For the listing below, show each line that includes the string "open".

# # # #

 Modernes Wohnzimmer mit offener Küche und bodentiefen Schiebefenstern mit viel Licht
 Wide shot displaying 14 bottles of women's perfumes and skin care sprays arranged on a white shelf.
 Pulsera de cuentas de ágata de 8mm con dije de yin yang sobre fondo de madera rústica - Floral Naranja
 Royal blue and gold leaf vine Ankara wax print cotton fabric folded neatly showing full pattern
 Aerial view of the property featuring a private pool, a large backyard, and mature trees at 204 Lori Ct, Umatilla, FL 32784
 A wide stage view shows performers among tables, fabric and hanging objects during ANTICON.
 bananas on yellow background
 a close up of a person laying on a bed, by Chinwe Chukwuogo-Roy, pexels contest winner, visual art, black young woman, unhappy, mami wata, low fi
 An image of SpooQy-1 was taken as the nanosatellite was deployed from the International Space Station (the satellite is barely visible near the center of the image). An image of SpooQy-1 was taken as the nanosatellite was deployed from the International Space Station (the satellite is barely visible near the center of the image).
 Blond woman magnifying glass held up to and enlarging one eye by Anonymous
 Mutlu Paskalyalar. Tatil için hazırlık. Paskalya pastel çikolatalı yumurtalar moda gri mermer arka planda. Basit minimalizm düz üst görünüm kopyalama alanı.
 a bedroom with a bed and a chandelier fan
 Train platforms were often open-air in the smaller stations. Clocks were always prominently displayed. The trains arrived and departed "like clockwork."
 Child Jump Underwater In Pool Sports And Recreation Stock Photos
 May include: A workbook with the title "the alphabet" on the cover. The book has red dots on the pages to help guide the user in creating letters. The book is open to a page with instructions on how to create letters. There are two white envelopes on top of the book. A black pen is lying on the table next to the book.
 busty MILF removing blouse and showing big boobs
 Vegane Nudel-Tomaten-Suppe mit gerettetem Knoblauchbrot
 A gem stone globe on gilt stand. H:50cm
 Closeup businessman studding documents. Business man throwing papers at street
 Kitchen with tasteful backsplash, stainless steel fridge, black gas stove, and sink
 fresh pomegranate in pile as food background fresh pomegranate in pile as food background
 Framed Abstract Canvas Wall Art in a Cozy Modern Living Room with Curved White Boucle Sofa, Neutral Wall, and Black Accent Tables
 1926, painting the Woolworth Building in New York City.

# # # #

== Exercise answer ==
 Train platforms were often open-air in the smaller stations. Clocks were always prominently displayed. The trains arrived and departed "like clockwork."
 May include: A workbook with the title "the alphabet" on the cover. The book has red dots on the pages to help guide the user in creating letters. The book is open to a page with instructions on how to create letters. There are two white envelopes on top of the book. A black pen is lying on the table next to the book.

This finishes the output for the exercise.